** Opening Records for processing block **
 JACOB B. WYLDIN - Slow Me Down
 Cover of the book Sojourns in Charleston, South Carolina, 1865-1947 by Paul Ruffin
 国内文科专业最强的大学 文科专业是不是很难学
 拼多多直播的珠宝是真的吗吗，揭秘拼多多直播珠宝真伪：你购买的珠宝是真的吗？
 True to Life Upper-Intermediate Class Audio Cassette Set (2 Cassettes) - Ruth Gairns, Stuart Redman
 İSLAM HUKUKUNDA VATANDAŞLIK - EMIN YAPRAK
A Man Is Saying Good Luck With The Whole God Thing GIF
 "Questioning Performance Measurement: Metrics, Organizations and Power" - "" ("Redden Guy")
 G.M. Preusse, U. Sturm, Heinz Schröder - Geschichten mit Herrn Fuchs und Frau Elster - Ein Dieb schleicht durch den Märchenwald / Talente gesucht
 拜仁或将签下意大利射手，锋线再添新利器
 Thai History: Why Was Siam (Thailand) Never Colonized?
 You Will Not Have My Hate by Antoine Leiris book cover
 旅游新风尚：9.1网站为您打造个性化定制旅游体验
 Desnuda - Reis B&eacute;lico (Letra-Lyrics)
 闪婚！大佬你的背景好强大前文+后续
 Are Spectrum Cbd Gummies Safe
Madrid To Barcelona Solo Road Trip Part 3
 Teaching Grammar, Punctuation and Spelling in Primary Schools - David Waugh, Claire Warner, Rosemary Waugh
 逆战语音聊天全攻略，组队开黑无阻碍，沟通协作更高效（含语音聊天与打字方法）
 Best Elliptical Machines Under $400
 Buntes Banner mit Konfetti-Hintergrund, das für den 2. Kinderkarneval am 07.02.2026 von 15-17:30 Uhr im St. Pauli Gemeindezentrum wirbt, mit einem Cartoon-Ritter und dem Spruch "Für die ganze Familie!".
** Closing Records for processing block **
(Problem): Across the listing above, report every line where "book" occurs.

(Solution to this exercise):
 Cover of the book Sojourns in Charleston, South Carolina, 1865-1947 by Paul Ruffin
 You Will Not Have My Hate by Antoine Leiris book cover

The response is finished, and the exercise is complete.